I did like this version better than the 2003 version as its animation and visual effects were allot better and the moments where Bruce changed into the Hulk was more realistic and detailed. I found it interesting to see how even the Hulk interacted with its surrounding far better than in previous films. There is even a little surprise during the movie when Bruce walks up to the security guard at the University I will not spoil it for you but keep a look out for it.



Video quality; :4stars:
Given that the movie I bought was on Blu Ray I now have an expectation that the quality will be better than regular DVD and this movie was no exception everything was sharp and clear with lots of well lit scenes and the colors were deep and rich.
This movie has a darker side to it and about 45% of it is filmed in either dark indoor rooms or at night so this makes the lighting even more crucial and was done well keeping the shadows at bay while still visually clear.
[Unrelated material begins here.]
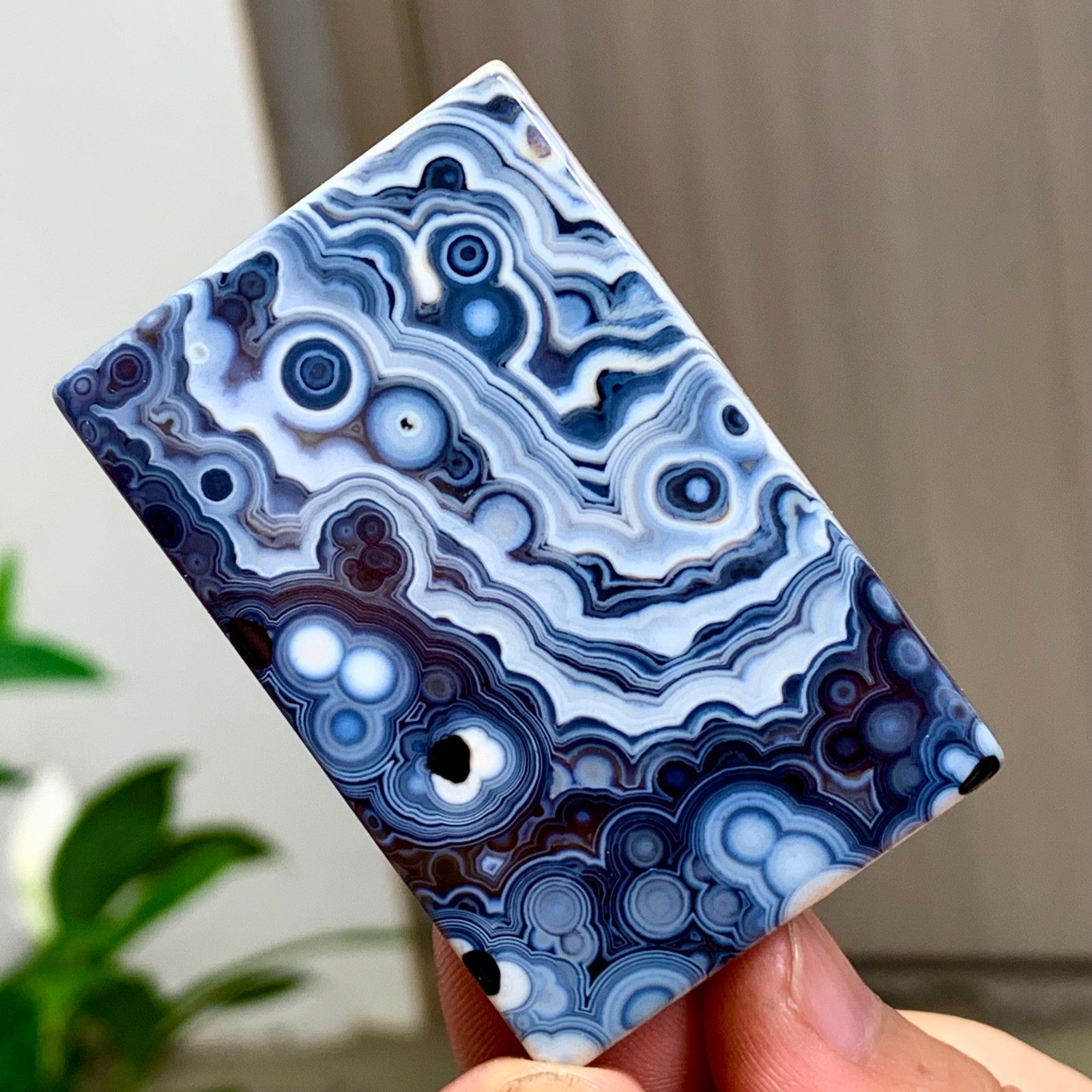56g Natural Gobi Thousand Eyed Agate tumble palmstone Shape Reiki Chakra Healing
Outdoor daytime scenes were very nice with HD and showed what Blu can offer. 

Audio; :4.5stars:
DTS MA 5.1 is the uncompressed format available and did not disappoint. There are several scenes that not only gave my PB13 Ultra a real workout but at one point I even had it hit its maximum excursion :hsd: and I was not even running more then reference level.
The surrounds are used well but not as much as I thought they could have however they did at times and made the entire movie experience very enjoyable. 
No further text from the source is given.